To quantify the differences between an overheat- and an overcharge-induced thermal runaway scenario, experiments first were conducted with isolated battery packs in a laboratory. Experiments then were conducted for complete e-scooters in a laboratory and inside of a purpose-built, single-family residential home test prop based on the battery pack experiments. The failure scenario that resulted in the more severe response would be examined in these additional experiments.
For all of the experiments, the Li-ion batteries were initially at 100 percent state of charge from the charger that was supplied by the manufacturer.
Free-burn battery failure
In conjunction with both free-burn battery pack experiments, the pack was placed under an oxygen consumption calorimeter to measure the energy release.
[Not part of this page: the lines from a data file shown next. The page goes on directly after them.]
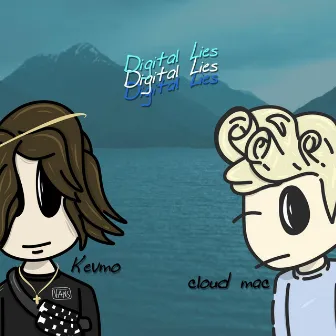 Digital Lies by Cloud Mac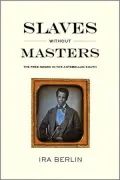 Slaves without Masters : The Free Negro in the Antebellum South
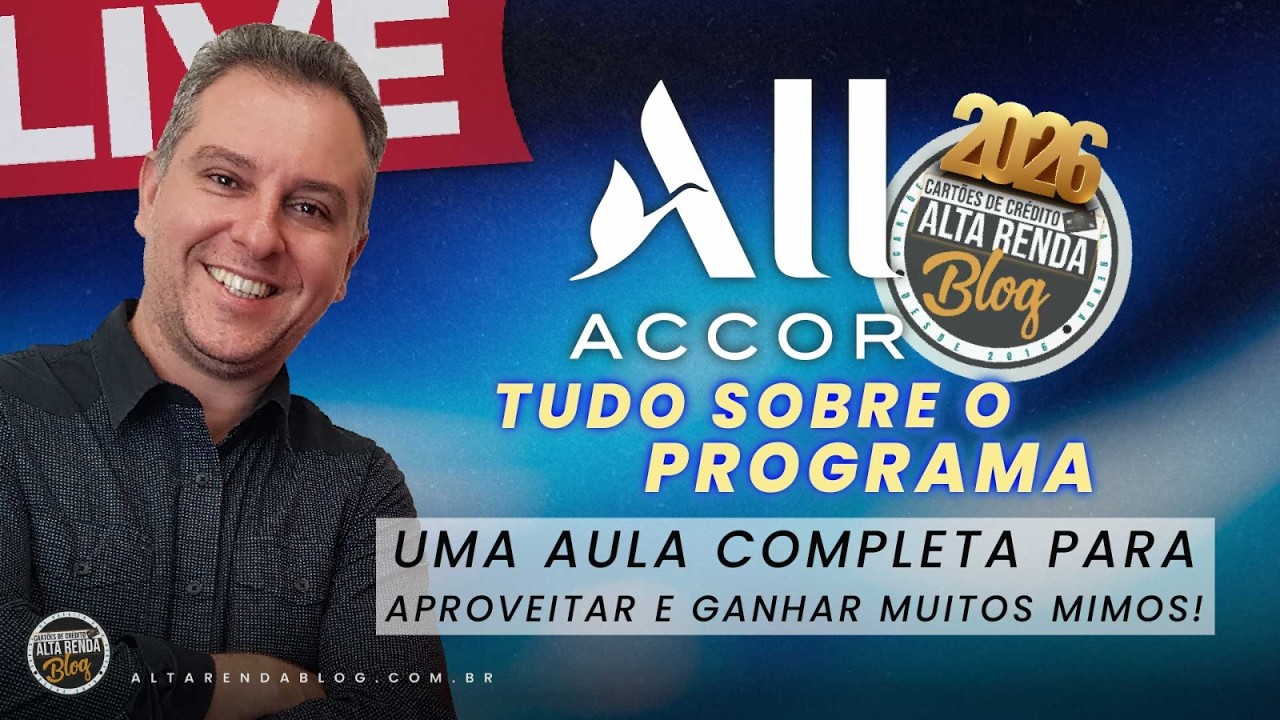 💳LIVE: HOJE VOCÊ IRÁ APRENDER 100% SOBRE O PROGRAMA ALL ACCOR E SEUS BENEFÍCIOS EM 2026!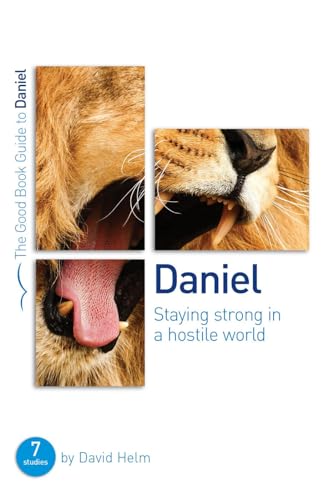 Beispielbild fr Daniel: Staying strong in a hostile world (Good Book Guides): 7 studies for individuals or groups zum Verkauf von WorldofBooks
For the overheating experiment, thermal runaway of the battery pack was identified 45 minutes after the start of heat application. There was complete propagation of thermal runaway in the battery pack with peak estimated vertical flame extension of 3–4 feet over a two-minute duration. The peak heat release rate (HRR) was measured at approximately 400 kW.For the overcharging experiment, there also was complete propagation of thermal runaway in the battery pack. Thermal runaway was identified 65 minutes after the start of overcharging. Propagation of thermal runaway lasted for one minute, and flames extended 6–7 feet above the battery pack. The overcharge failure resulted in a higher measured peak HRR of approximately 1,600 kW (1.6 MW).
In both experiments, the battery pack case was deformed from heat and internal pressure rise, and small debris was ejected, but deformation and thermal damage was more severe for the overcharge case.
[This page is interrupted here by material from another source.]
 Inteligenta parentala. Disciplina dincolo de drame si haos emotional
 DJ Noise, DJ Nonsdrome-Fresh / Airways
In-vehicle battery failure
Based on the results from the free-burn battery experiments, it was determined that the remaining set of experiments would utilize intentional overcharging. In this case, the battery pack was installed under the seat, as it would be for typical operation of the e-scooter.
The battery went into thermal runaway approximately 1 hour, 50 minutes after the start of the overcharge. The HRR from the thermal runaway event peaked at approximately 1.1 MW. The HRR decayed to approximately 400 kW. About one minute later, the flaming combustion transitioned from the battery to the foam seat, plastic body panels and fenders of the e-scooter. At this point, a second HRR peak of 1.2 MW was reached. The HRR decayed as the remaining fuel burned out over the next seven minutes.
Of significant concern is the rapidity in fire growth from peak HRR from first flaming. For reference, the 1.1 MW peak HRR is similar to an overstuffed upholstered chair. In this free-burn setting, with no heat feedback that would be experienced in a room environment, the e-scooter reached a peak HRR in 13 seconds. An upholstered chair in a free-burn experiment typically reaches its peak HRR in 2–3 minutes.Battery fire in a compartment
An experiment was conducted in a four-bedroom, two-bathroom, single-story, single-family residential structure that was purpose-built to be a fire test prop. The e-scooter was placed in the entry way of an open concept living room. Thermal runaway was initiated via an intentional overcharge of the battery pack that was conducted identically to the isolated battery and free-burn experiments. All exterior doors and windows were closed; the doors to the first, third and fourth bedrooms were closed; the door to the second bedroom was open prior to the start of the overcharge event.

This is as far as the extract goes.